14      The final issue on appeal is whether the consumer protection provisions of Wis. Admin. Code ch. ATCP 132 apply.  By requiring a vehicle repair shop to provide the customer with a copy of a dated written repair order legibly describing the repairs to be performed, the code seeks to prevent uncommissioned vehicle repairs.  See Huff & Morse, Inc. v. Riordon, 118 Wis. 2d 1, 9, 345 N.W.2d 504 (Ct. App. 1984), abrogated on other grounds, Baierl v. McTaggart, 2001 WI 107, ¶¶16-17, 19, 245 Wis. 2d 632, 629 N.W.2d 277.  Section ATCP 132.01(2) defines “customer” as “a natural person, corporation or business entity that owns, operates or controls a motor vehicle that is the subject of a repair transaction.”  Baxter asserts he was a customer entitled to a written repair estimate and is not obligated to pay for any work on the vehicle that was not authorized by a written repair estimate. 

15      We agree with the trial court that the administrative code does not apply in this unique factual situation.  Baxter was not merely a customer.  Baxter performed work on the car alongside Lynch.  Baxter directed the work to be done.  He moved his camper to Lynch’s property so he could be involved in work on the vehicle.  The restoration of the vehicle was a joint effort.  This was not a consumer transaction to which the code applies.[6] 
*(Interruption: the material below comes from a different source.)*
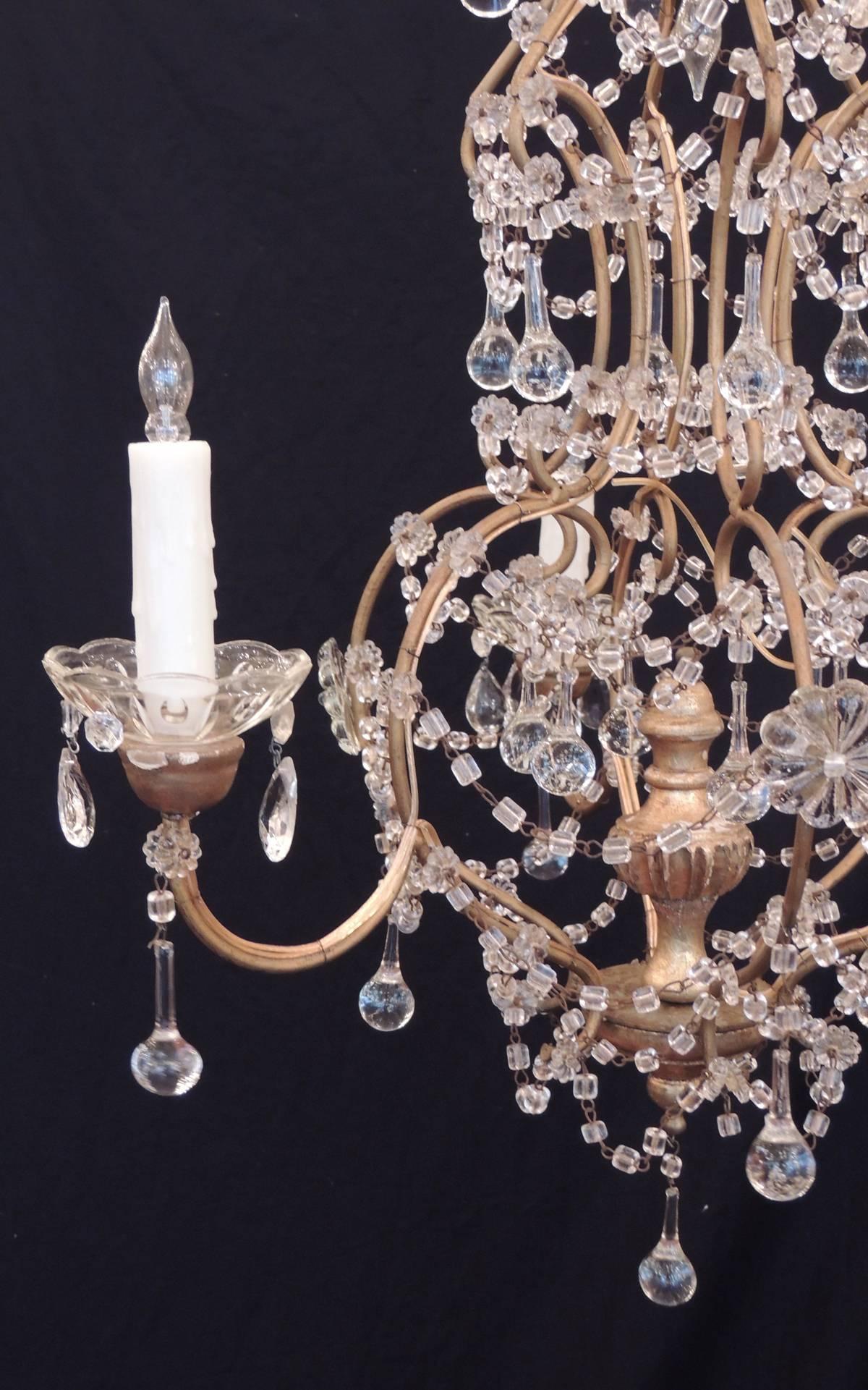 Early 20th Century Venetian Crystal Chandelier For Sale 1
16      Even if the code applies, Baxter must still pay for the repairs he authorized.  See Huff & Morse, 118 Wis. 2d at 8-11 (repair shop may recover for authorized repairs even if code not complied with).  By his own admission, Baxter was present ninety-five percent of the time his vehicle was worked on and he authorized all the work up until the day he told Lynch to stop work.  Baxter may not use noncompliance with the code as negating his liability to pay for the work he authorized. 

            By the Court.—Judgment affirmed.
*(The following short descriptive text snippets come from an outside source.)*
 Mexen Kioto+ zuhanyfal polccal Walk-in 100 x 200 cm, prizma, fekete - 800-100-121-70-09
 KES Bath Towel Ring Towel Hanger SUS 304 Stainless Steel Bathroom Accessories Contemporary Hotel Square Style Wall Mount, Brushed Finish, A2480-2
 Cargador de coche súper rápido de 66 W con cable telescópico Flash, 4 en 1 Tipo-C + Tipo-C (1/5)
            This opinion will not be published.  See Wis. Stat. Rule 809.23(1)(b)5.

 


 

 



[1]  All references to the Wisconsin Statutes are to the 2003-04 version unless otherwise noted.

[2]  All references to the Wisconsin Administrative Code are to the January 1994 version unless otherwise noted.
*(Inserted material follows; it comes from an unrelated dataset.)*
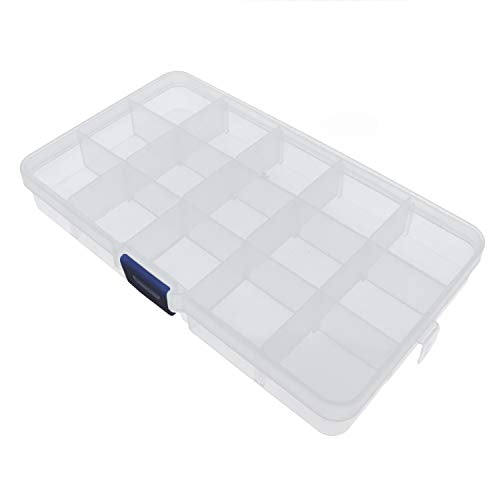 15 Grid Clear Plastic Organizer with Adjustable Dividers 2Pcs (2 Count)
[3]  Baxter also suggests, and more vigorously asserts in his reply brief, that the subsequent agreement to expand the project to a complete restoration and pay Lynch with title to the camper and an additional $1000 was a novation.  See State Med. Soc’y v. Associated Hosp. Serv. Inc., 23 Wis. 2d 482, 490, 128 N.W.2d 43 (1964) (“A novation contemplates a substitution of a new contract for a previous one.”).  The claim that a novation occurred is raised for the first time on appeal and we do not address it.  See Evjen v. Evjen, 171 Wis. 2d 677, 688, 492 N.W.2d 361 (Ct. App. 1992).  Moreover, Baxter testified that Lynch proposed doing a complete restoration in exchange for title to the camper and an additional $1000, but “[t]here was no actual agreement for him to go ahead and do that, and so there was no actual agreement for him to restore my car.”  Baxter’s position on appeal that a novation occurred is inconsistent with his testimony that he did not agree to a complete restoration of the vehicle.  He cannot assert inconsistent positions.  See Coconate v. Schwanz, 165 Wis. 2d 226, 231, 477 N.W.2d 74 (Ct. App. 1991) (judicial estoppel prevents a party from asserting a position in a legal proceeding which is inconsistent with a position previously asserted). 

[4]  In his reply brief Baxter states:  “Baxter’s position at trial was that the parties had entered into an oral agreement for work on Baxter’s vehicle at the rate of $25.00 per hour with a cap of $4,000.00.” 

[5]  Again, Baxter’s own trial testimony misled the trial court.  Baxter indicated that the vehicle had been sitting on his car hauler trailer in his enclosed garage since August of 2004. 

[6]  We emphasize that this is an unusual factual situation.  Our holding that Baxter is not a customer does not offend the consumer protection goal of the administrative code.